Guest essay by Eric Worrall
An uncomfortable truth for climate alarmists is winter deaths, even in a warm country like Australia, far outstrip Summer deaths. Humans are tropical apes – our bodies do not cope well with cold weather.
More people die in winter than summer, but climate change may see this reverse
April 27, 2021 6.08am AEST
Ivan Charles Hanigan Data Scientist (Epidemiology), University of Sydney
Alistair Woodward Professor, School of Population Health, University of Auckland
Keith Dear Adjunct Professor of Public Health, University of Adelaide
Climate change not only poses enormous dangers to the planet, but also harms human health. In our study published today, we show some of the first evidence climate change has had observable impacts on Australians’ health between 1968 and 2018.
We found long-term heating is associated with changed seasonal balance of deaths in Australia, with relatively more deaths in summer months and relatively fewer deaths in winter months over recent decades.
We found that in 1968 there were approximately 73 deaths in summer for every 100 deaths in winter. By 2018, this had risen to roughly 83 deaths in summer for every 100 deaths in winter.
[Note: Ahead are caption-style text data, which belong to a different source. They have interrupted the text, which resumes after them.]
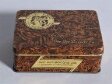 M.J. Franklin Collection of British Biscuit Tins (Advertising Ephemera) thumbnail 2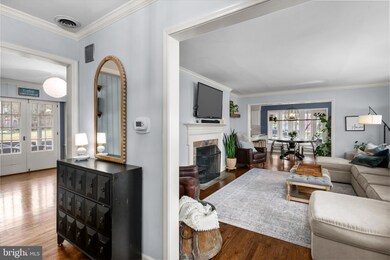 1019 Wyomissing Blvd, Reading, PA 19610 - photo 6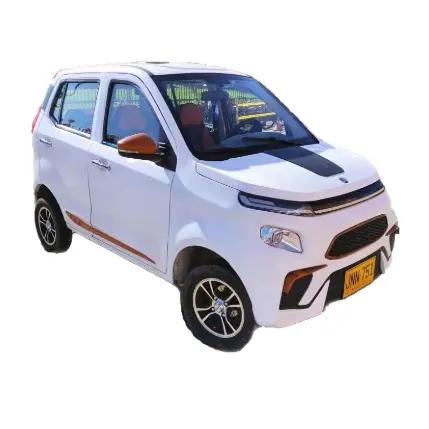 Zweite auto verwendet mr bean auto elektrische auto mit solar panel super sportcar hybrid suv verwendet japan neue micro zweite hand japanischen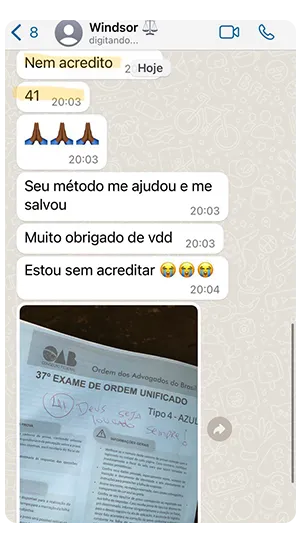 pv-depoimento-16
The same trend, albeit of varying strength, was evident in all states of Australia, among all age groups over 55, in females and males, and in the three broad causes of death we looked at (respiratory, heart and renal diseases).
…Read more: https://theconversation.com/more-people-die-in-winter-than-summer-but-climate-change-may-see-this-reverse-159135
The abstract of the study;
Increased ratio of summer to winter deaths due to climate warming in Australia, 1968–2018
Objective: To determine if global warming has changed the balance of summer and winter deaths in Australia.
Methods: Counts of summer and winter cause‐specific deaths of subjects aged 55 and over for the years 1968–2018 were entered into a Poisson time‐series regression. Analysis was stratified by states and territories of Australia, by sex, age and cause of death (respiratory, cardiovascular, and renal diseases). The warmest and coldest subsets of seasons were compared.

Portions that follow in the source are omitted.